DiffusionMapsAcademics / pyDiffMap

Library for diffusion maps
MIT License
47 stars 14 forks source link

Sparse Efficiency #18

Closed davisidarta closed 4 years ago

davisidarta commented 5 years ago

Hi! I'm glad to see such a nice module being developed and I'm currently using it for new biological big-data visualization methods.

When trying to use a sparse matrix (coo_matrix) as input, however, I get the following warning:

/usr/local/lib/python3.6/dist-packages/numpy/core/numeric.py:2591: SparseEfficiencyWarning: Comparing sparse matrices using == is inefficient, try using != instead.

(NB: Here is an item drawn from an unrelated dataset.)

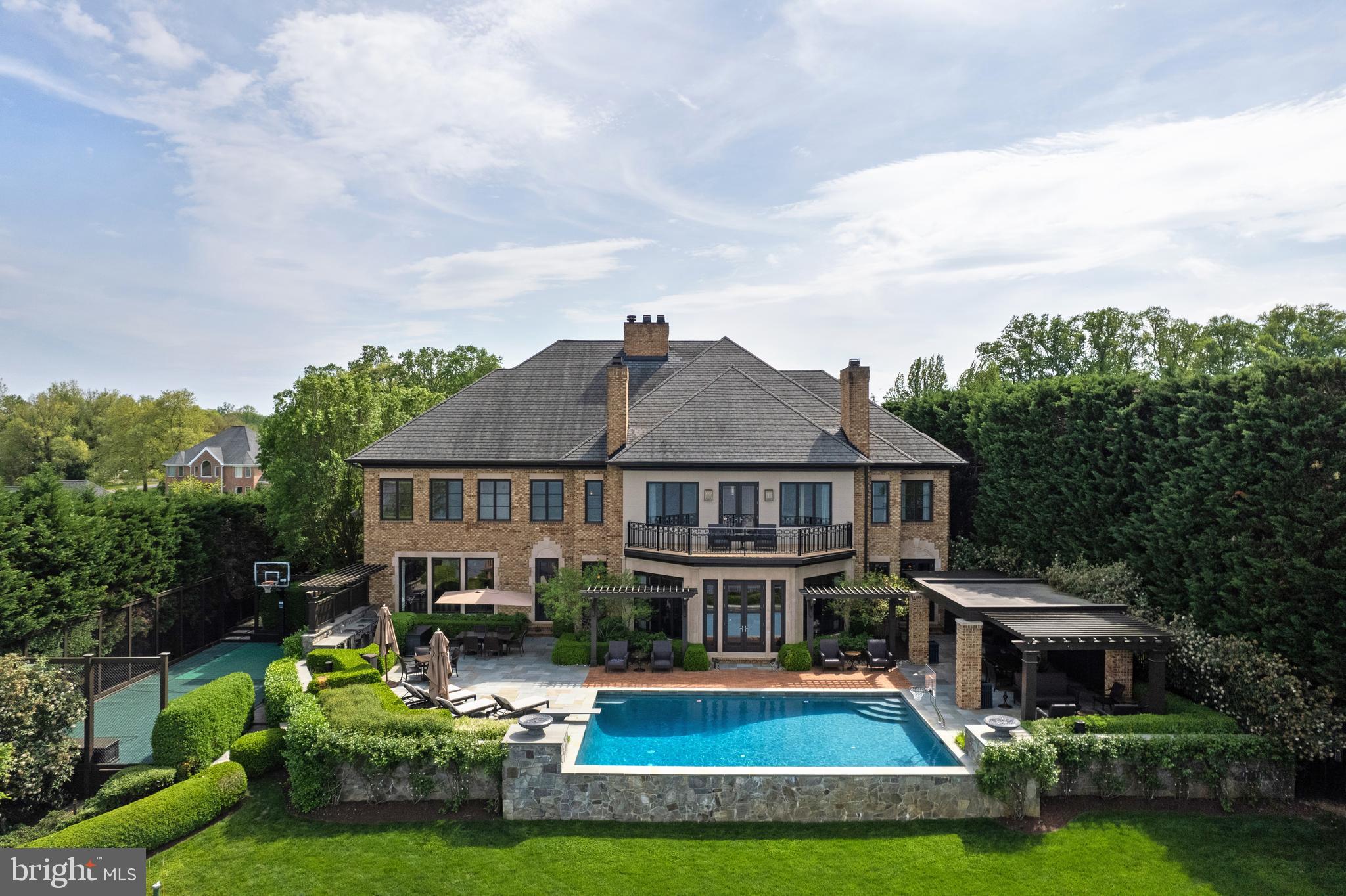 DOWNS ON THE SEVERN - Residential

I don't know how hard-coded this is inside the module code. It could be interesting to check on that so that sparse inputs are resolved faster.

EDIT: The code works in the sense that there is a resulting object matching the ones generated with dense matrices. However, something seems to be happening to slow this process down when dealing with sparse matrices.

ehthiede commented 5 years ago

Interesting... it's hard to tell from the error message alone what the problem is. Could I trouble you for a minimal example that throws the warning so I can see where it is coming from?

davisidarta commented 5 years ago

Sorry for the lack of further details in the first post. Here's my code:

import numpy as np
import pandas as pd
import os.path
import fcsparser
from scipy.sparse import csc_matrix
from scipy.io import mmread
import tables
import pydiffmap as pdm

# Read in mtx file
count_matrix = mmread(source= "matrix.mtx")
mydmap = pdm.diffusion_map.DiffusionMap.from_sklearn(n_evecs = 100, epsilon = 'bgh', alpha = 1, k = 300)
dmap = mydmap.fit_transform(count_matrix)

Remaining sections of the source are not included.